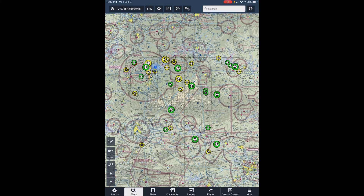Once the content pack is loaded in ForeFlight, it's available even when there's no Wi-Fi or cell service. A lot of our airstrips here don't have any kind of service, so it's a great idea to have this information loaded before you come.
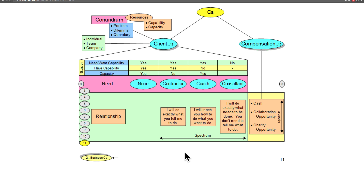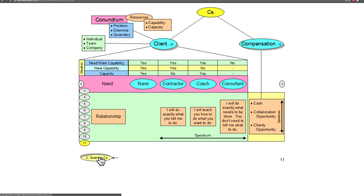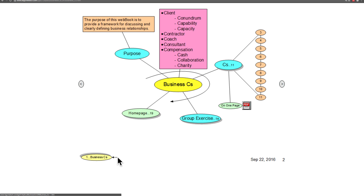Now that we've covered pretty much all the bases with regard to relationships and compensation and all of the C's, that pretty much wraps up where we are.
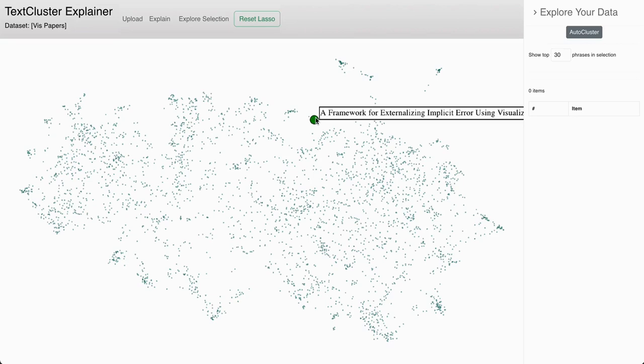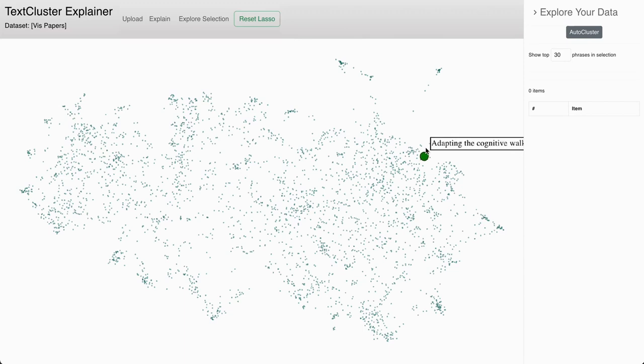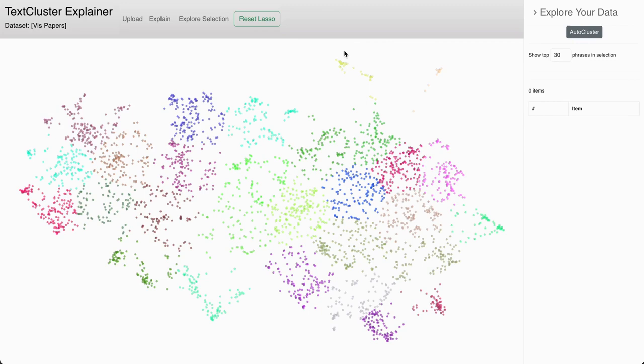Users can automatically cluster the data and lasso a cluster to generate informative cluster explanations, insights, and further information about the data within the cluster. They can also use text projections to embed new data.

_What you are asked to do_:
From the first line to the last, reproduce the listing above exactly, leaving the pictures out.

_Task answer_:
Once the content pack is loaded in ForeFlight, it's available even when there's no Wi-Fi or cell service. A lot of our airstrips here don't have any kind of service, so it's a great idea to have this information loaded before you come.
Now that we've covered pretty much all the bases with regard to relationships and compensation and all of the C's, that pretty much wraps up where we are.
Users can automatically cluster the data and lasso a cluster to generate informative cluster explanations, insights, and further information about the data within the cluster. They can also use text projections to embed new data.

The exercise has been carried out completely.